A few months ago, we explored the realm of obvious insights, not easily seen. These insights contain valuable, life-changing knowledge only available to people who are looking and have the domain experience necessary to obtain it. Coincidentally, after listening to Patrick O’Shaughnessy’s interview with Chris Paik, the concept of “earned insights” emerged. His two-word, cogent explanation of what it takes to start something deeply resonated.
What is an insight and how does one earn it? An insight is an obvious truth that the majority of the world has not seen yet. It is the Figs founder, Trina Spear, wondering why do scrubs have to look and feel a certain way? It is Michael Williamson, Clint Jarvis, and Erwin Macatulad evolving on the insight that another new 200 acre golf course will likely never be built within a major NFL city. Enter Intown Golf Club. Other recent examples include the AdPipe founders who, for a decade built high-end, commercial quality videos for corporations across the country, to uncover content is rewatched only 3% of the time leaving an untapped gold mine of proprietary and magnificent digital assets fertile for repurposing, repacking, and reusing. It is the Bottle founders evolving their solution so local businesses can easily generate subscription revenue. All of these companies have one commonality: earned insights.

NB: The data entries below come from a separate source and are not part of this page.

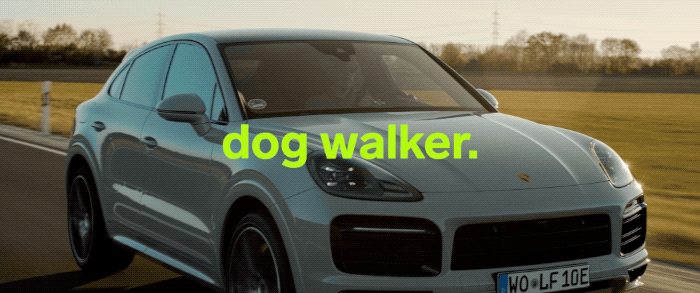 dog walker.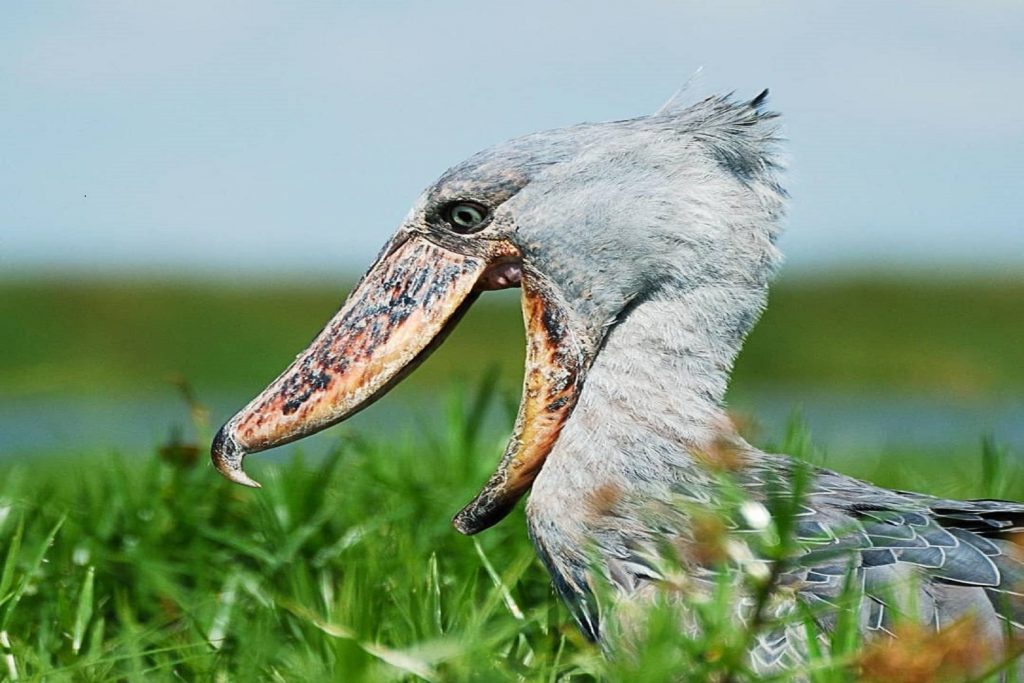 A shoebill stork is one of the birds to spot while on your birdwatching in Queen Elizabeth National Park tour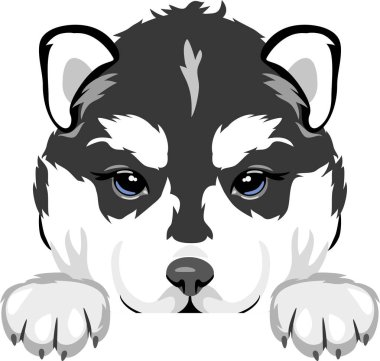 Şirin, dik dik bakan köpek yavrusu.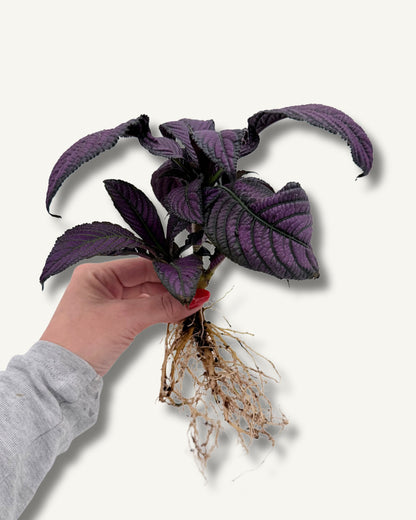 Strobilanthes dyerian | bewurzelter Ableger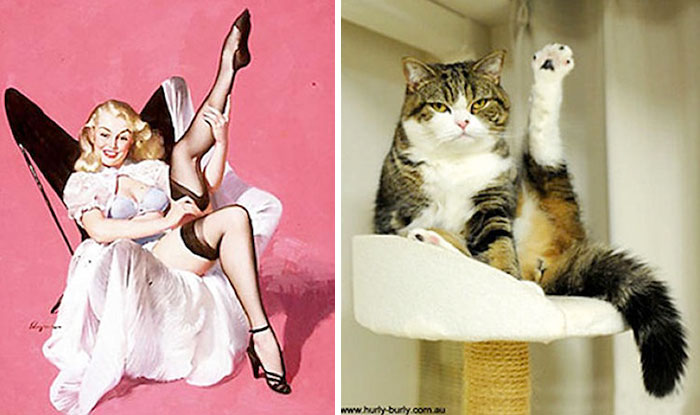 Як коти склали конкуренцію пін-ан моделям  - фото 9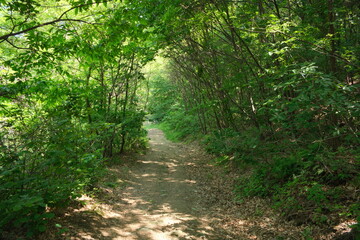 화창한 봄과 여름 사이에 울창한 나무숲 사이로 보이는 걷기 좋은 산책길 숲길 오솔길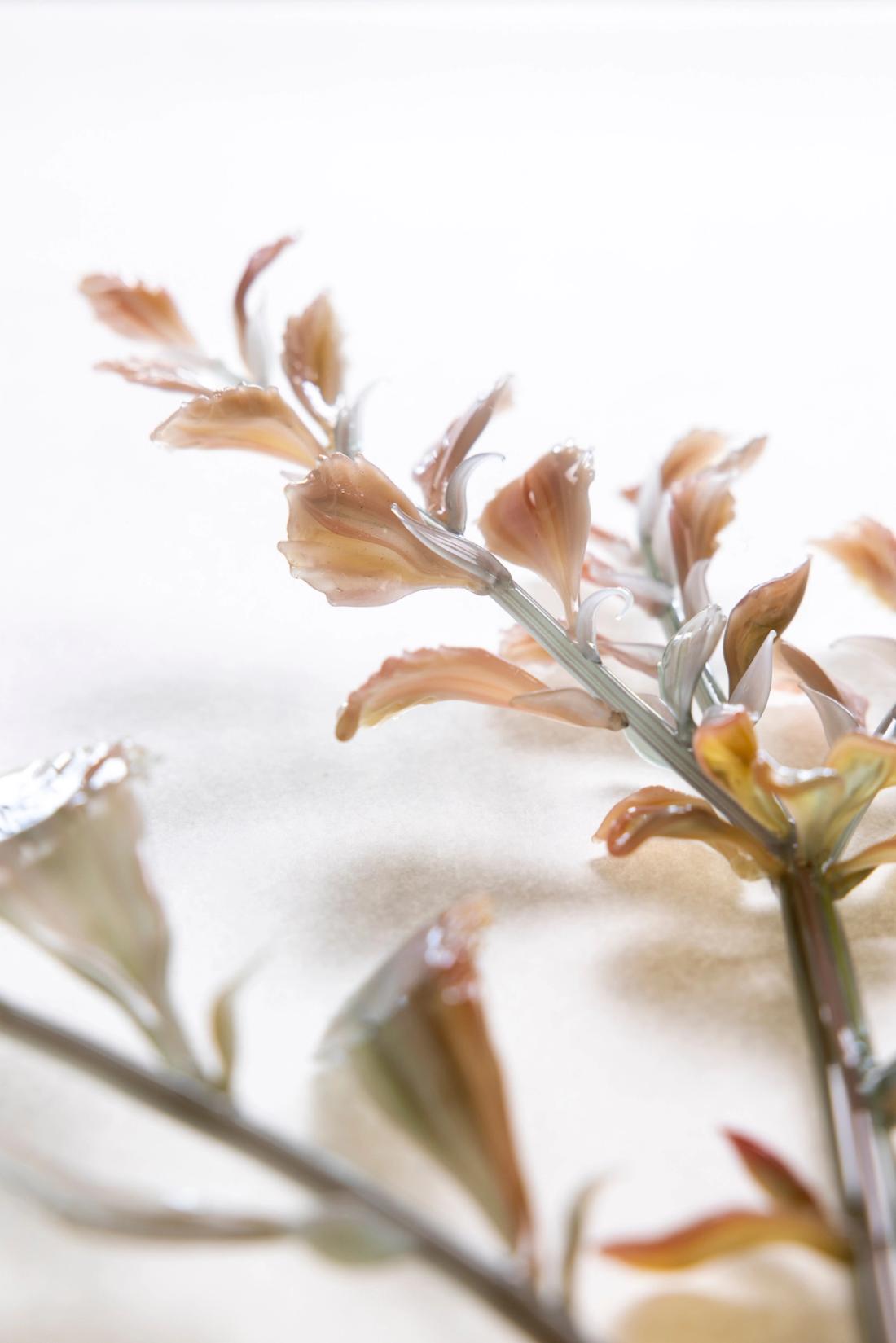 南洋叶枝杉 14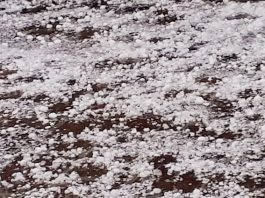 Allagamenti e grandine in tutto il Mantovano. Stop ai treni sulla Suzzara-Ferrara. Albero sulla carreggiata: code in A22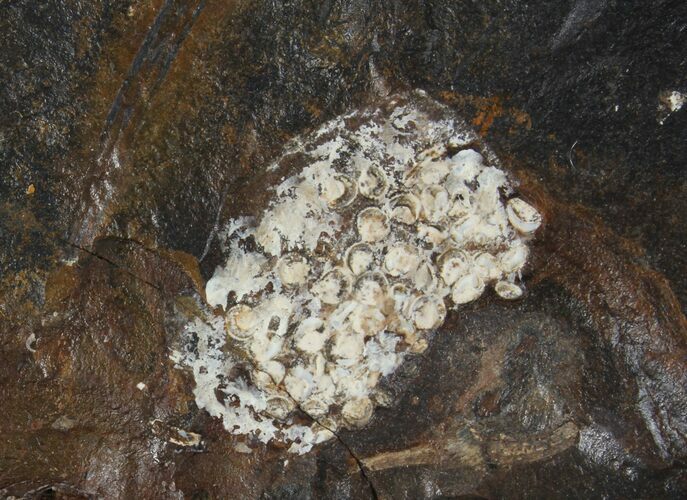 Fossil Flowering Plant Reproductive Structure - North Dakota #95379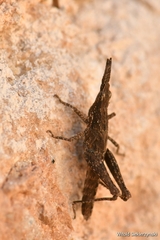 Pyrgomorpha conica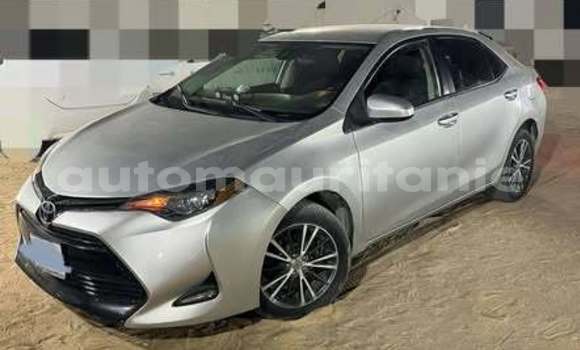 Acheter Occasion Voiture Toyota Corolla Autre à Adel Bagrou, Hodh ech Chargui Acheter Occasion Voiture Toyota Corolla Autre à Adel Bagrou, Hodh ech Chargui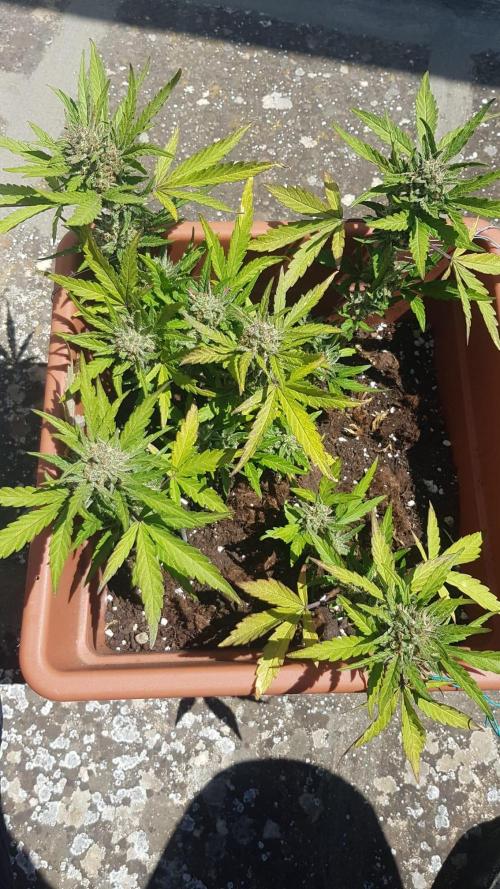 Auto Blueberry Banana. Week 2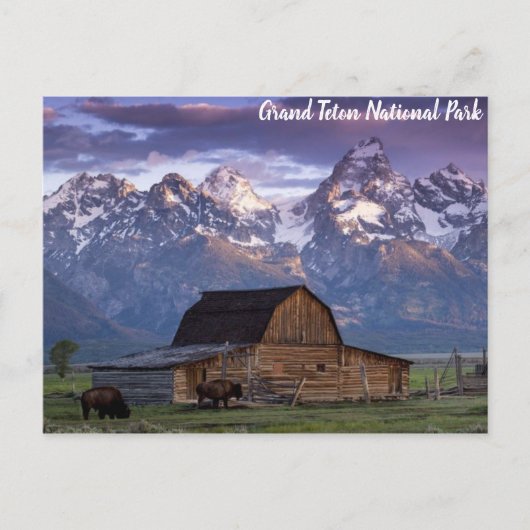 Grand Teton Nationalpark Wyoming Mountains Barn Postkarte (Vorderseite)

The perennial debate of ideas over strategy over execution percolate on Twitter often. The reality is you have to start somewhere and the combination of idea and market matter on day one. However, executing while keeping a pulse and feeling for where the market goes is where innovation sparks.
How does one generate an earned insight? The simple answer is to start. Some people start with the belief that what they are building is the answer. In my experience, only the most seasoned entrepreneurs who have likely built something before – ideally in a tangential market – nail that method. The team at KMS Technologies is a good study. Others approach the start line of the entrepreneurial marathon knowing that the idea and product will shift so they plan for it. An example is Nat Turner executing his customer discovery with a pitch deck and refining it several times before a line of code is written. Others, and this happens more often than not, start with a full sprint only to find out that there is another lane of the track they should be running on – but it takes actually running to identify the need to transition. Identifying that need is where the insight is earned.
Insights are earned through two ways. First, starting and evolving. Second, sheer brilliance and expertise of analyzing markets. Insights are plural as well. One may lead down a path only to find the market isn’t that large or the unit economics are not worth the effort or it may lead to a wide open, blue ocean of market opportunity. In either path the work will lead to the velocity of insights uncovered as more running occurs. These esoteric insights can’t be bought, they can’t be outsourced, and they can’t be given to you. It takes a significant amount of thought, curiosity, and conversations to earn them amongst customers and team members. Instead of an “aha” moment, there’s a trail of “aha” insights. Those lead to authentic demand and product-market fit – other mountains needed to traverse to the exhilarating entrepreneurial summit!